The architecture (along with output shapes) of the net is as follows :
- Embedding Layer (batch x 200 x 128)
- Convolution Layer (batch x 198 x 128)
- Max Pooling Layer (batch x 66 x 128)
- LSTM Layer (batch x 66 x 128)
- LSTM Layer (batch x 128)
- Dense Layer (batch x 3)
I have tried with different learning rates, changing the loss from Cross Entropy to Softmax+NLL, however the Pytorch model doesn’t seem to learn.
The input X
is a file of shape (num_samples, 200)
with each value in the range [0,26], and y
are the labels in [0,1,2] for each sample.
Here is the Keras code :
from tensorflow.keras.models import Sequential
from tensorflow.keras.layers import Dense, Dropout, Activation, Embedding, LSTM, GRU, Convolution1D, MaxPooling1D
from tensorflow.keras.utils import to_categorical
#Format conversion for y
y_train = to_categorical(y, 3)
#Train & Validation data splitting
X_train, X_valid, y_train, y_valid = train_test_split(X, y, test_size=0.2, random_state=42)
embedLayer = Embedding(input_dim=27, output_dim=128, input_length=200)

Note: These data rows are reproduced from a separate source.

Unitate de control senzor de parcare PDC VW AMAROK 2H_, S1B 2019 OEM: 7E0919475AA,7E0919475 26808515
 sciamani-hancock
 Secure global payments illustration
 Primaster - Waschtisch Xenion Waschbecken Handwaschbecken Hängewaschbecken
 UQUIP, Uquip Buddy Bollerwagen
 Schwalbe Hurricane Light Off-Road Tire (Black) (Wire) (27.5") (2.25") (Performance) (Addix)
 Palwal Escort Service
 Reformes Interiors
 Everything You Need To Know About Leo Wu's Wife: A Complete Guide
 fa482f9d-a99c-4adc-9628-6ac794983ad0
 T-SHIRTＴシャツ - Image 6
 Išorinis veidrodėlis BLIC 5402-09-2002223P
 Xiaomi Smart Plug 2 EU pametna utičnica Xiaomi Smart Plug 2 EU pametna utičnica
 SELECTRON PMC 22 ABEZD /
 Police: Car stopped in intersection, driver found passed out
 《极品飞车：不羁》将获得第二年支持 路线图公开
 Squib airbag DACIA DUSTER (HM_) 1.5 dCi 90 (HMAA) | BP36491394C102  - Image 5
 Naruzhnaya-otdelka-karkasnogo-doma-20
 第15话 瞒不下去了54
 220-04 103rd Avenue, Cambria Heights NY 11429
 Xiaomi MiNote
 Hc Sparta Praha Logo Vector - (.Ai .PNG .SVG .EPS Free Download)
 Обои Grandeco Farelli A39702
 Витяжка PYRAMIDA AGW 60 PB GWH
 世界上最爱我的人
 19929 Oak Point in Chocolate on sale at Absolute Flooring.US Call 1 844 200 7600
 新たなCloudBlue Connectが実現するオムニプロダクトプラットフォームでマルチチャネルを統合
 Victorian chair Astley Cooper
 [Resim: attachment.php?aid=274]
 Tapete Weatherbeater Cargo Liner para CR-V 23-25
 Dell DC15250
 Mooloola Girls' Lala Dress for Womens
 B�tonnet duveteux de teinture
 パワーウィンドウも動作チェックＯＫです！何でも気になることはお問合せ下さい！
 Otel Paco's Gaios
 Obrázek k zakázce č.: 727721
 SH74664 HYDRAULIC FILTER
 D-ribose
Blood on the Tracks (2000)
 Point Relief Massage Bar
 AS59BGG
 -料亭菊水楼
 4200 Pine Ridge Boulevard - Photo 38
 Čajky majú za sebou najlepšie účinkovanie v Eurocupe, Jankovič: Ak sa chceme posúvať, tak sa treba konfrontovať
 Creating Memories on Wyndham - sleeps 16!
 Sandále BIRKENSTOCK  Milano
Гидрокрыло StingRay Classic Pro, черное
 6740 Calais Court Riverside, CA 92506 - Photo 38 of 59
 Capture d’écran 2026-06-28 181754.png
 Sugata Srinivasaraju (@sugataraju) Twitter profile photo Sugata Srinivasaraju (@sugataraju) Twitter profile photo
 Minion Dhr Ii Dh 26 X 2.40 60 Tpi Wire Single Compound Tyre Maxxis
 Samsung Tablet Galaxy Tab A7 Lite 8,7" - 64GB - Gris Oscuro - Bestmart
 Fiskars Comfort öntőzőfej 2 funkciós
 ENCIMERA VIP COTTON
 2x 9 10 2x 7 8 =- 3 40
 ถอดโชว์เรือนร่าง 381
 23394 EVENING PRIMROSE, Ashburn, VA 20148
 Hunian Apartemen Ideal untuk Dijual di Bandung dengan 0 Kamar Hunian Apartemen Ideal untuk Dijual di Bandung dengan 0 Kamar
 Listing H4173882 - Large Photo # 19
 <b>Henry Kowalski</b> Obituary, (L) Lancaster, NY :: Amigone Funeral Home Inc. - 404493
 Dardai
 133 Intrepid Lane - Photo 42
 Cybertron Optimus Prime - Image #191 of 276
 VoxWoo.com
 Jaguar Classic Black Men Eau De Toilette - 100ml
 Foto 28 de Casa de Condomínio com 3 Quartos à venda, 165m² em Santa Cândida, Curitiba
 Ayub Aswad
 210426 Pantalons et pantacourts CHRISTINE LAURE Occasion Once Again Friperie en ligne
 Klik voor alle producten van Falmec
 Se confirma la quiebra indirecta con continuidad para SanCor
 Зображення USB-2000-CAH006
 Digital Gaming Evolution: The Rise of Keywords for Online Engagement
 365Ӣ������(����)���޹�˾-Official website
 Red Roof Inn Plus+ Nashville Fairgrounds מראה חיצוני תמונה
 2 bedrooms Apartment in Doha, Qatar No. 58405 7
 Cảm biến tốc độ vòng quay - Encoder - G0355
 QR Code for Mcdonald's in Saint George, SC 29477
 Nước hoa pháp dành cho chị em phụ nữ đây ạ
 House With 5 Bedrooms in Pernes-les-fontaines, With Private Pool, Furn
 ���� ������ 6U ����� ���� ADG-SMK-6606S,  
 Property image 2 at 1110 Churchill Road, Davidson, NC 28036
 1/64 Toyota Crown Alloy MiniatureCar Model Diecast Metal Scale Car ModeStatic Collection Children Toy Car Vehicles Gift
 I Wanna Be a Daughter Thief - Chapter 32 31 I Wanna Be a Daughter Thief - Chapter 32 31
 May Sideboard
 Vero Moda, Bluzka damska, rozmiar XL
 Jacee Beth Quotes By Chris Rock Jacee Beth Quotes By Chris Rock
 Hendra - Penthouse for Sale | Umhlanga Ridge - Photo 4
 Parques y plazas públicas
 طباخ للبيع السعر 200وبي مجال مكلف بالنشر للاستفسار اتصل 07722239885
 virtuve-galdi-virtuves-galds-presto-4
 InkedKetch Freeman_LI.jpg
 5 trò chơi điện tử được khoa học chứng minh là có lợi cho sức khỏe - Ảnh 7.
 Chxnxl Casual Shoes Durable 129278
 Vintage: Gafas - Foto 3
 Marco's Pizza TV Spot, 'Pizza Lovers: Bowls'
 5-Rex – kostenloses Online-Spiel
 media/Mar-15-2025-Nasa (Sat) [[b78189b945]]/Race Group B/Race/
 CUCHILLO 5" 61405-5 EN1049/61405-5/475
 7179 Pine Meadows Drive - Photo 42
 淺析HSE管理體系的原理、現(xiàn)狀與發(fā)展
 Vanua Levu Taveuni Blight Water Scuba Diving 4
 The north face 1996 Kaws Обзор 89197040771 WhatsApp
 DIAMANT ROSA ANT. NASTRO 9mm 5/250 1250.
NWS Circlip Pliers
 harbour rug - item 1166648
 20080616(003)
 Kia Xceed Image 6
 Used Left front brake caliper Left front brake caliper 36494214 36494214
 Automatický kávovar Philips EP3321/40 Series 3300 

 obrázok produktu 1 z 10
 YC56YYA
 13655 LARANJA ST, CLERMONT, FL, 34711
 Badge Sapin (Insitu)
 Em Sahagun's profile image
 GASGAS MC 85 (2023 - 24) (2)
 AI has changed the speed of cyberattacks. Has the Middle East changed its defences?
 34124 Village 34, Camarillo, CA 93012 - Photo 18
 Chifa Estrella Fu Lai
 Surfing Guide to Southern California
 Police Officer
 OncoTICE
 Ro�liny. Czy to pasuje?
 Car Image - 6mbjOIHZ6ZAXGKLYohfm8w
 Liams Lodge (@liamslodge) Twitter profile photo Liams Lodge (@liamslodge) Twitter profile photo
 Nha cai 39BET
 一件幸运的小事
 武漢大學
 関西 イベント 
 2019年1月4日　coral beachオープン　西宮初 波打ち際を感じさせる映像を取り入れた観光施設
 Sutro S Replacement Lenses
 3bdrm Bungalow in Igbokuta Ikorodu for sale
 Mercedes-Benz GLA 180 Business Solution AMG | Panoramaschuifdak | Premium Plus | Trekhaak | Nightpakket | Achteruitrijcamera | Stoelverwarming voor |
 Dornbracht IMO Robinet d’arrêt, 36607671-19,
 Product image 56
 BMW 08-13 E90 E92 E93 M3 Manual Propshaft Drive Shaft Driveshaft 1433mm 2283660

convLayer = Convolution1D(filters=128, kernel_size=3, activation='relu')
poolLayer = MaxPooling1D(pool_size=3)
lstmLayer1 = LSTM(units=128, dropout=0.2, recurrent_dropout=0.2, return_sequences=True)
lstmLayer2 = LSTM(units=128, dropout=0.2, recurrent_dropout=0.2, return_sequences=False)
denseLayer = Dense(units=3)
model = Sequential()
model.add(embedLayer)
model.add(convLayer)
model.add(poolLayer)
model.add(lstmLayer1)
model.add(lstmLayer2)
model.add(denseLayer)
model.add(Activation('softmax'))
model.compile(loss='categorical_crossentropy',
optimizer='adamax',
metrics=['accuracy'])
# Training data
model.fit(x=X_train, y=y_train,
batch_size=128,
epochs=50,
validation_data=(X_valid, y_valid))
Here is the PyTorch code :
class RNNModel(nn.Module):
def __init__(self):
super(RNNModel, self).__init__()
# Layers
self.embeddingLayer = nn.Embedding(num_embeddings=27, embedding_dim=128)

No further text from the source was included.